Reyneke153925 de julho justinho aí na porta, dia da pátria, dia de festa maior e dia da Galiza, celebração do Apóstolo santo, fim e princípio de percorridos e ciclos de décadas, centos, de mil anos.

Nunca tão distante eu me sentira da Galiza. Nunca antes tão e tanto desligado. Da gente, dos chamados, manifestos, convocatórias, da política. Nunca tão difícil me resultara enxergar na movimentação da gente a existência de um projeto político, de um corpo nacional andante.

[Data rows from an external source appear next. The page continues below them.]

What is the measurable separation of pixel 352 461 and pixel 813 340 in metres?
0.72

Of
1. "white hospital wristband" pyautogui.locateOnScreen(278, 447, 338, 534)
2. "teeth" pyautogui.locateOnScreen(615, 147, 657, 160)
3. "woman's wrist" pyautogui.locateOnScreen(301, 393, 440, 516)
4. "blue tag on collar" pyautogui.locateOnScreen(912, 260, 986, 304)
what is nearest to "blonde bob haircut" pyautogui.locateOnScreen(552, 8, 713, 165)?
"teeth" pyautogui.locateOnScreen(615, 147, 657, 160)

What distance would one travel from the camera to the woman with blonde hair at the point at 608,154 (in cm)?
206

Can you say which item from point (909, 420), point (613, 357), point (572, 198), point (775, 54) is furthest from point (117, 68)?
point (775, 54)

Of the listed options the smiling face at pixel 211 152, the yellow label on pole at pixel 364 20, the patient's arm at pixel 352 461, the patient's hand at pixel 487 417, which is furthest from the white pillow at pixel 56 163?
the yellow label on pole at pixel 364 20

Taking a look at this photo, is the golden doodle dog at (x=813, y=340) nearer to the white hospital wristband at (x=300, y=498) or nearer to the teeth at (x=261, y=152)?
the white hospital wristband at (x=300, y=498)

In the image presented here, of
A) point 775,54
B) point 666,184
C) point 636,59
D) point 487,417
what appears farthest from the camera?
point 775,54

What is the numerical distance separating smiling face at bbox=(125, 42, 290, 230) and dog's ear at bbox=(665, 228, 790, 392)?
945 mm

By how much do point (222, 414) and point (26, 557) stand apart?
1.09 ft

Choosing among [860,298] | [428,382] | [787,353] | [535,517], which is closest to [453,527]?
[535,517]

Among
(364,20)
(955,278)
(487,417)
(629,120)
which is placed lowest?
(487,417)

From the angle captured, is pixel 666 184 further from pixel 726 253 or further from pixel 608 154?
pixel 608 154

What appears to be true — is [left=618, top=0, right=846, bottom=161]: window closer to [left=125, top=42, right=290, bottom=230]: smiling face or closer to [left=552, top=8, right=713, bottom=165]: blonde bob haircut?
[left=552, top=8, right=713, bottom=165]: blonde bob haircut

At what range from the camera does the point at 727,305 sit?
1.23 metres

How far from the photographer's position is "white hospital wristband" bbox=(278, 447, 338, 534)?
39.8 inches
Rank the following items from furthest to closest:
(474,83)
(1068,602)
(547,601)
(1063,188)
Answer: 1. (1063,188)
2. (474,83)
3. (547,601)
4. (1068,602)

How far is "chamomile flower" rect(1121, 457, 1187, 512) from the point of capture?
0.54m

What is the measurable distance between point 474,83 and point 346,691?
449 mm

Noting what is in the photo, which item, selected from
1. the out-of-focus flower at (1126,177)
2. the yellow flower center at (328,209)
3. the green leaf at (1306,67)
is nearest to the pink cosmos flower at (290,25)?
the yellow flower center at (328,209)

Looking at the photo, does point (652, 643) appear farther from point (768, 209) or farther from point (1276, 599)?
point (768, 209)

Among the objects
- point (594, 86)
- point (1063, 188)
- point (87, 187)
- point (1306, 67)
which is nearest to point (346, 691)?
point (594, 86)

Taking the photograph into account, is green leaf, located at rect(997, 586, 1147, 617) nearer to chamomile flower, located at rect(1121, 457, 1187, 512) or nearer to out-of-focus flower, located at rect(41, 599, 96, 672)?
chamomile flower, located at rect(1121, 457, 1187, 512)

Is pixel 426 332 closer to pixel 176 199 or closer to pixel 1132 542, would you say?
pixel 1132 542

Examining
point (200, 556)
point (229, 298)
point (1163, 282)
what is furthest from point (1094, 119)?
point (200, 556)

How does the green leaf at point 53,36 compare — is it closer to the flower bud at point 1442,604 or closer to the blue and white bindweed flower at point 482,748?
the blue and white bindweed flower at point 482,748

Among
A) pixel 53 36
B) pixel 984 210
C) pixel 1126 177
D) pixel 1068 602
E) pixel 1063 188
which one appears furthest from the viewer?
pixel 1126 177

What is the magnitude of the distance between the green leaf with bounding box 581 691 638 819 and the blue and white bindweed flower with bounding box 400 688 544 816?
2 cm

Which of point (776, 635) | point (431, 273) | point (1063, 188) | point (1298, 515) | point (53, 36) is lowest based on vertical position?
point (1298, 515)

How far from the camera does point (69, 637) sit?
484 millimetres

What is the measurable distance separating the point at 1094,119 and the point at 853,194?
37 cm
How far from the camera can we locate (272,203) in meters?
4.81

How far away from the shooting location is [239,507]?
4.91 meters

Hoje só vejo os espetros, a Companha dos mortos e dos santos, heróis, bispos, cavaleiros, poetas doutrora, personagens defuntos. Mas afinal da longa comitiva que enceta em tempos remotos da história, não vejo os vivos. Sei que estarão aí, sempre estão, celebrando, enchendo as praças, com músicas, cantigas, bandeiras e corpo de festa… mas eu não os vejo.

Mais um ano que termina e também um ciclo político, ou é apenas pessoal? Não sei, mas algo durante este ano de tanta e cansa, hipócrita irmandade se extinguiu em mim. Deixou de preocupar-me a história, a narrativa, a língua, o debate, a política, os grupos, as pessoas.

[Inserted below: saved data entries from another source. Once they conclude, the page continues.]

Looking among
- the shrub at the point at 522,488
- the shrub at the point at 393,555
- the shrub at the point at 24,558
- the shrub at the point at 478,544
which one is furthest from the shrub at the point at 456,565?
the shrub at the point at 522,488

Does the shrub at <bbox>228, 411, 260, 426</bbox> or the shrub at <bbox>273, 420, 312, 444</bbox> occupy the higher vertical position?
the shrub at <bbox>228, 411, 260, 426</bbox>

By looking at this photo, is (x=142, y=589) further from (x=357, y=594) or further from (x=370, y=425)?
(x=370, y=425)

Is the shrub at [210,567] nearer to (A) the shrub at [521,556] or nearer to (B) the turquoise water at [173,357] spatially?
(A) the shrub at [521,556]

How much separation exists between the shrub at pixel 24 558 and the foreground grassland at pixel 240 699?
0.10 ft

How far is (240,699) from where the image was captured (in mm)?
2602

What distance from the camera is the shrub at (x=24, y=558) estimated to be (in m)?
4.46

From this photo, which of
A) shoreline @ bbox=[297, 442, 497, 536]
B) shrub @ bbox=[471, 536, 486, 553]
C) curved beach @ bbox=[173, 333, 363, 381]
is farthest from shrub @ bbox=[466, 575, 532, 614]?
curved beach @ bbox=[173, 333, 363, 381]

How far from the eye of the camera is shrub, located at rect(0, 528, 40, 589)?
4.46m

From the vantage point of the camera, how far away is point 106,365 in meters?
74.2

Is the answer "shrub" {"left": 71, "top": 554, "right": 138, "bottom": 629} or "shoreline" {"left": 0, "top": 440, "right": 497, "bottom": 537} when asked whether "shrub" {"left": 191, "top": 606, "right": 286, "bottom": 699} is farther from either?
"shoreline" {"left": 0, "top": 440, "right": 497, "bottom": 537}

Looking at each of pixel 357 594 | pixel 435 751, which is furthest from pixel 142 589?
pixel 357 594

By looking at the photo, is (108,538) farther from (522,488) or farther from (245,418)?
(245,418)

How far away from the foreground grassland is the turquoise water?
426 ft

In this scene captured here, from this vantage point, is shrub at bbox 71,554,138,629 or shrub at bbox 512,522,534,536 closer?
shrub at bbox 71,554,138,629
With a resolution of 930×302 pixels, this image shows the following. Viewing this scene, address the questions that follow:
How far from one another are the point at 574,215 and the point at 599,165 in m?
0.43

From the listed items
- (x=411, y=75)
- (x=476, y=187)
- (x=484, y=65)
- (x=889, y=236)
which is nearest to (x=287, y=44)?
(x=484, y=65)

Só, contemplo a miséria e a ruindade de uma Galiza fantasmal na que os cegos pretendem guiar os caminhos e perseguem implacáveis os tortos e choscos. Por enquanto nos outeiros as torres feudais, vestem-se de novo de bom perpianho, rodeadas de melhores e mais cuidados fosso e almeias, exibem sem pudor as bandeiras de cada senhorio e privilégio. Nos tristes vilarejos arredor, os tolheitos, matam-se entre eles por uma côdea de pão ou por serem mais entre os criados de mais baixa ocupação. Esbirros violentos campam em grupos, tediosos e arbitrários por causa de um inimigo rebelde atarefado em se exterminar internamente pelo predomínio da facção. Por toda a parte os misturadores vendem a rosto descoberto futuros que os incautos compram.

Na distância, a poeira anuncia as mesnadas armadas que acompanham e protegem censores, juízes, tabeliões, inquisidores e os troveiros, palhaços, soldadeiras que fazem corte arredor dos altos senhores que abandonando a corte da seca meseta se preparam para passar à fresca o festeiro estio.